DAGs are used for many things, not only for causal inference. We are going to be dealing with causal DAGs. A DAG is a causal DAG if when two variables on the graph share a cause, that cause is also represented on the graph. This is known as the Causal Markov Condition.

Cause and Effect

The distinction between causation and association is crucial in research and in fact, causal diagrams are just a tool to navigate between association and causation. Suppose you have a large population of individuals and that they are all given a treatment. We can then wait and see how many of them die. Suppose 20% of them die. Now suppose we have a time machine that can take us back in time. Now we don’t give treatment to anyone in the population. We wait and see that 50% of them die. If we could do this, we would have proven that the treatment has, on average, a causal effect on death in this population. It prevents death.

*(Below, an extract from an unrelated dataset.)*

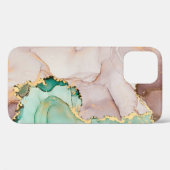 Strömungen von durchsichtigen Farbtönen, schlängel Case-Mate iPhone Hülle (Rückseite (Horizontal))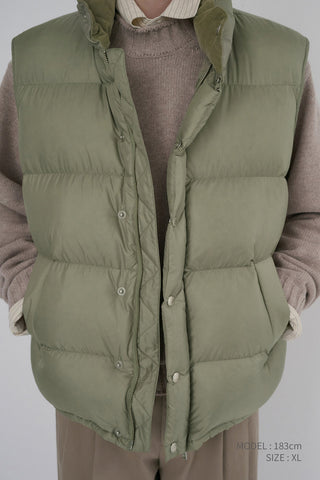 UNISEX GOOSE DOWN VEST SAGE GREEN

Of course, in practice we cannot take people back in time. What we can do is to compare two groups of people that are similar, essentially identical, with respect to their risk of death. Quantifying causal effects requires the contrast of the same, or very similar, populations and their different levels of treatment. Formally, we say that causal effects are defined by counterfactual contrasts. In this course, we will not explicitly use counterfactual theory, but counterfactual theory underlines everything we do.

Suppose we have a population of individuals. Some of them receive treatment, and some of them do not. Let’s say that 30% of the treated die, and only 10% of the untreated die. That doesn’t mean that the treatment has a causal effect on death. Perhaps treatment has no effect, but it is given to people who are at a higher risk of death anyway. Yet, we say that treatment and death are associated, because the risk of death is different in the treated and the untreated. Quantifying associations simply requires the contrast of two groups of individuals under different levels of treatment.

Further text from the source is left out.